One of Marquette’s final four provost candidates, John Frendreis, spoke on campus Tuesday night about the four issues he found most crucial for the university, and his willingness to take risks to address those issues.
Frendreis is a political science professor at Loyola University Chicago, where he also served for two years as provost, among other high-ranking administrative positions. The critical issues he identified were inequality, diversity, globalization and sustainability.
“When I think of the challenges our institutions face, I really orient them in terms of the world our students are going to enter and live in for the next 20 or 30 years,” Frendreis said.
Regarding inequality and diversity, Frendreis said he wants to find ways of directing and facilitating student focus on relevant issues, including race-relations and immigration, which are problems plaguing the country.
“You don’t have to have been paying enormous attention through the last year in the United States to understand that issues of diversity are still with us, still alive,” Frendreis said, referencing racial tensions in places like Ferguson, Mo. and New York City, N.Y.
To increase faculty diversity on campus, Frendreis proposed having the provost also be the chief diversity officer, which he said would show the university’s dedication to the goal.
One element Frendreis said he finds vital to Marquette students is an increased cultural awareness, which he proposed to solve with an increase in students involved with study abroad programs.
“When I was a student, study abroad was rare and exotic . . . Today, 27 percent of the graduating seniors have had a study abroad experience,” Frendreis said. “I don’t think it’s crazy to say that should be closer to 50 (percent).”
The final factor he addressed before opening his talk to questions from the audience was sustainability, and how it could be improved at Marquette.
“I think it’s the great challenge – assuming we don’t somehow blow ourselves up – of the younger peoples’ generation,” he said.
When asked about his preferred budget model, Frendreis said he’d rather look at each college separately when considering their individual ability to contribute to operating costs or profitability, and then to treat the colleges accordingly.

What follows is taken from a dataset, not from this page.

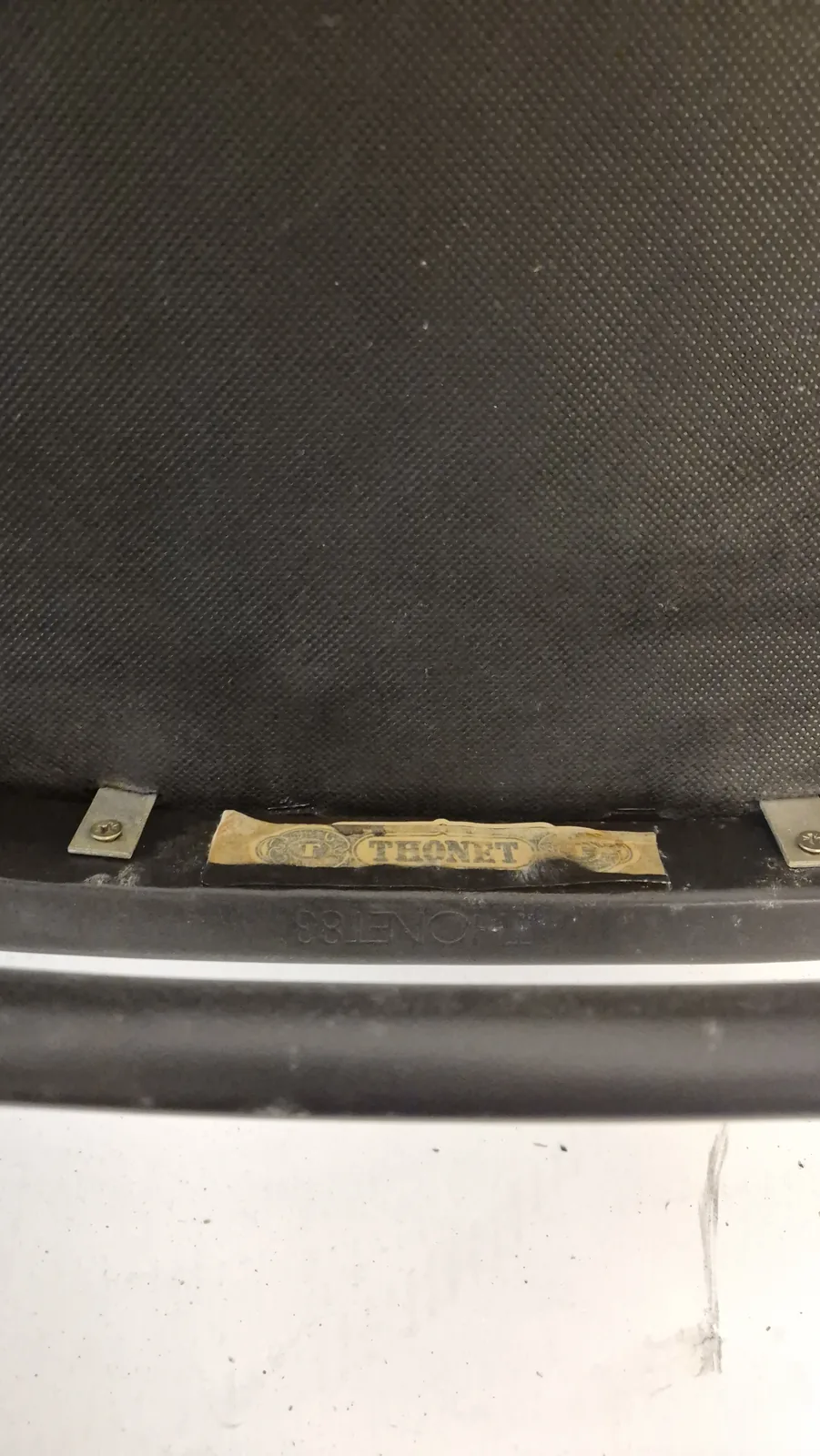 Herkunftsnachweis zu Thonet Bugholz-Armlehnstuhl mit rotem Polster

This, he said, would prevent needless financial measures while simultaneously providing transparency for parents and students with how money is being spent.

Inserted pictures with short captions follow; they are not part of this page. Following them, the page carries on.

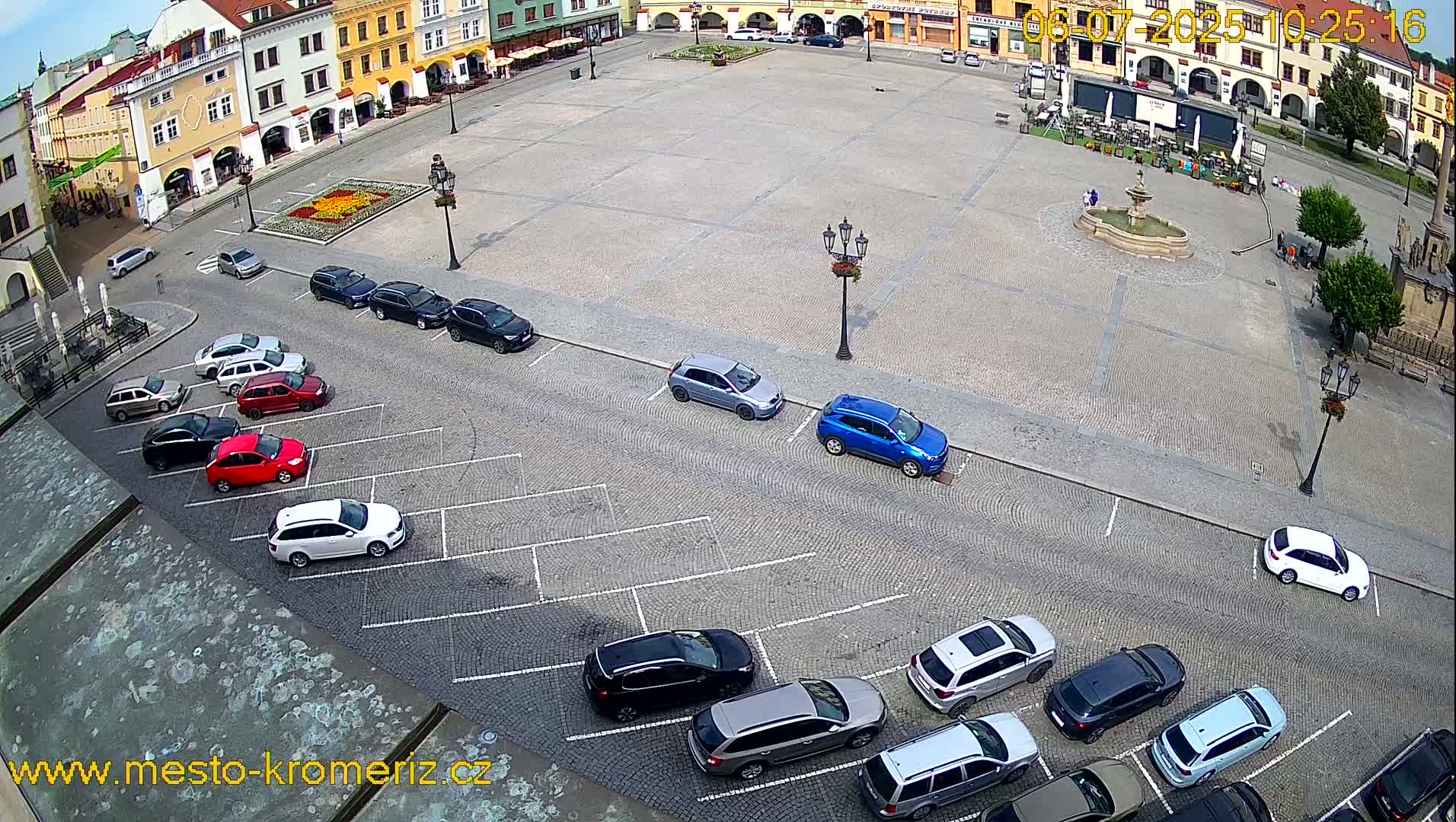 Kroměříž , (Velké náměstí ) Great Square East View Live Cam - Kromeriz, Zlin, Czechia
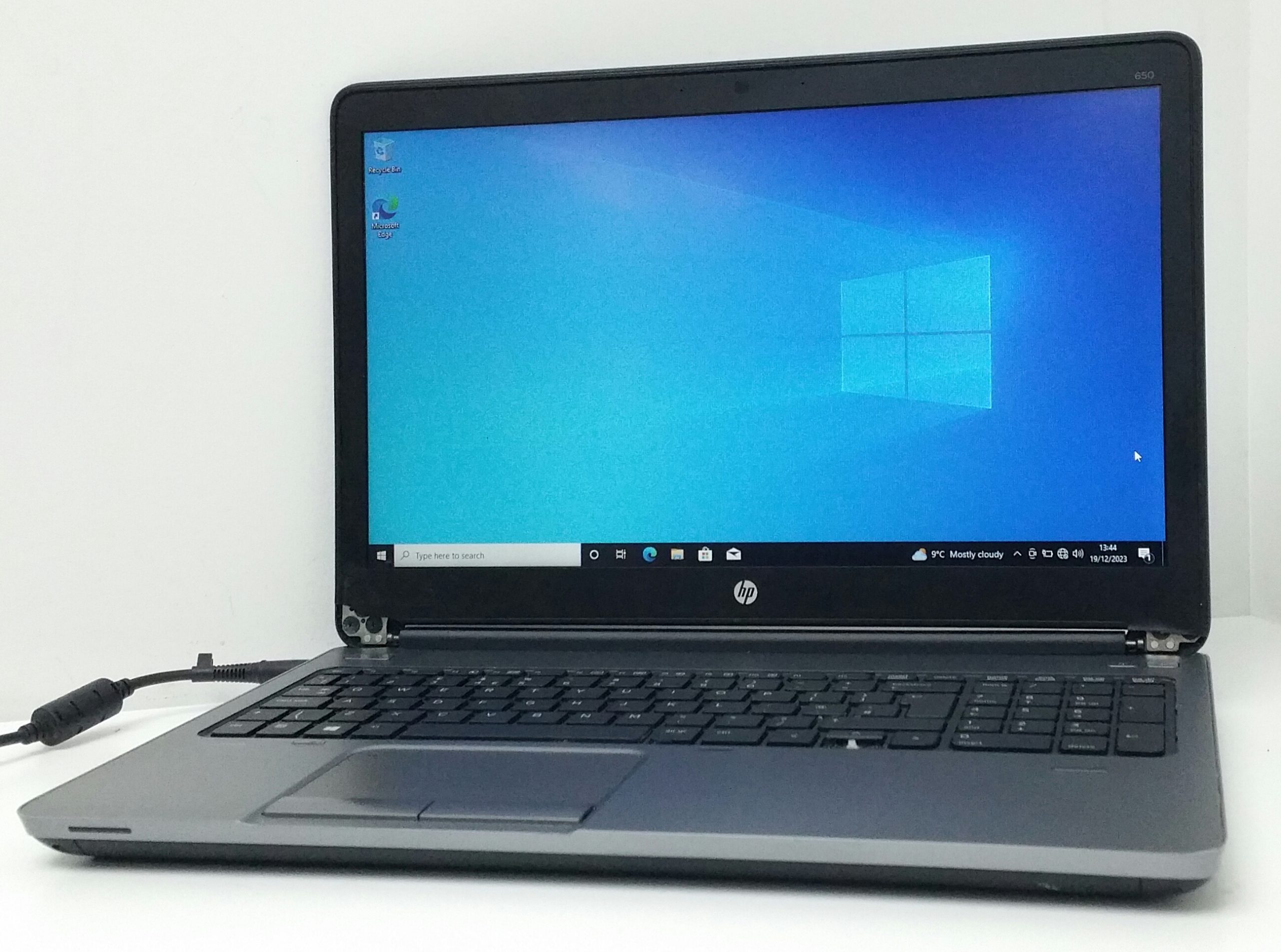 20231012_014702-1 HP Probook 650 G1 - i3-4000M 2.4GHz - 4GB - 15.6" - 128GB SSD - Windows 10 Pro - Image 1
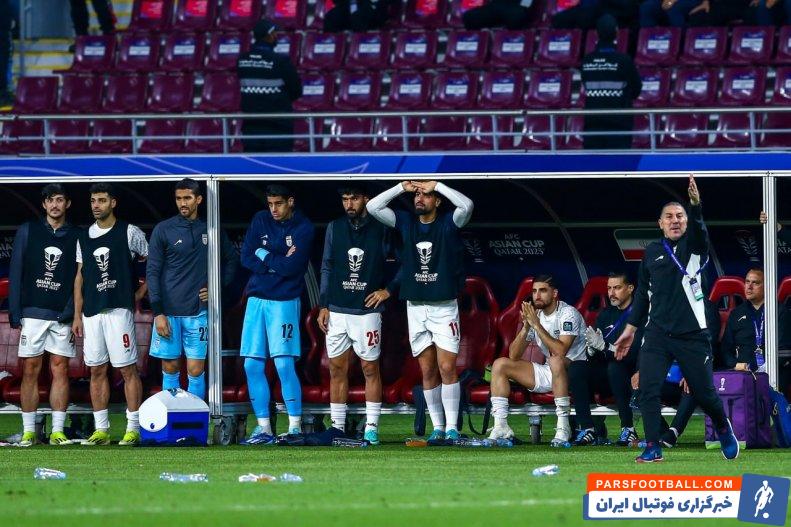 تیم ملی ؛ دلهره و استرس بازیکنان نیمکت نشین تیم ملی در دقایق آخر دیدار با هنگ کن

“I think we have an ethical responsibility to give people good value for the dollars that they and their parents are borrowing,” Frendreis said. “If somebody’s going to go $40,000 into debt, they deserve (to know how) that money is being put into their child’s education.”
Other plans Frendreis mentioned included creating research opportunities for undergraduate students, developing more academic leaders, and further strengthening the “strong provost” model the university currently uses by increasing involvement with more departments at Marquette.
Frendreis was the project coordinator for Arrupe College at Loyola University, which targets under-served, low-income students that wouldn’t normally be deemed “college ready,” to give them more higher education opportunities they wouldn’t have otherwise.
The Arrupe College program targets students with lower ACT scores, who don’t expect financial contribution from their families. It provides them with rigorous academic training, an associates degree and the ability to transfer to almost any school in Illinois – all with an expected retention rate of 85 percent, which is the same as Loyola’s.
“It’s a risk, it’s a high-profile risk, and we could fall flat on our face. What we have set aside for ourselves is the hardest task in higher education,” Frendreis said. “We’re going to do this, or die trying.”
Because he wouldn’t be running the program, Frendreis said he wouldn’t be opposed to trying something similar at Marquette.
“We don’t have to take the bigger risk here,” he said. “We can find out what they’re doing right, what they’re doing wrong, and do it better here.”
Frendreis will speak again Wednesday, Jan. 21 at 12 p.m. in the Raynor Library Beaumier Suites.